And two weeks later, here I was, not 10 yards from where it happened. I had my sister's jacks with me, and a plastic canteen filled with Cap'n Crunch Peanut Butter Cereal. I was sitting on a large, square shaped flat rock playing Jacks. I'd never been able to get past "fours-ies" and was determined to do it. I failed for perhaps the tenth time and was starting over at ones-ies when I saw the snake.

God knows how long it had been there, sharing the rock with me, and He also knows how I was able to miss seeing it—it was only six inches from me, the unmistakable ugly brown-black skin of a cottonmouth. It was an adolescent, maybe two feet long. I supposed it had been following the motion of my hand going up and down, snatching at jacks. It gazed at my left fist, suspended in air, clutching a jack. The snake stared at my hand while I stared at the snake and tried not to blink, tried not to breathe, tried not to move my left arm. Without any conscious effort on my part, I found myself squeezing the jack harder and harder. The points of the jack pierced the flesh of my palm, and still I squeezed until a drop of blood escaped my clenched fist and, in slow motion (or so it seemed to me), gave up its tenuous hold on my fist and dropped onto the rock, its progress tracked by the empty eyes of the snake.

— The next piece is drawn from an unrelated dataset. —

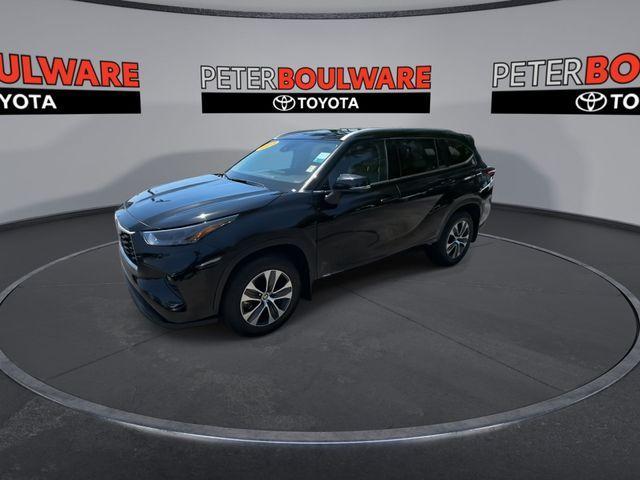 used 2022 Toyota Highlander Hybrid car, priced at $33,769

I didn't do it on purpose. I didn't mean to do it at all, it was a reflex. While the snake stared transfixed at the falling drop of blood, my right hand darted out and grabbed him behind his head.

During the next three months I caught untold number of snakes: cottonmouths, copperheads, coral snakes, water moccasins, even a rattle snake once. I made money at it, too. The new multiplex Gateway Cinema and the AMC 6 at the Lakes Mall both offered six screens. The Reef Theater, with its one screen, never had a chance. It had closed down last year and re-opened as a porno theater, which also closed down after Thanksgiving and was taken over by the Foot-washing Holiness Pentecostal Church the next Sunday. A handful of trench-coated dirty old men were unaware of the transition and showed up that Wednesday night expecting to see Nurses Night Out and instead were treated to the foot washing, and snake handling of migrant workers caught up in the spirit.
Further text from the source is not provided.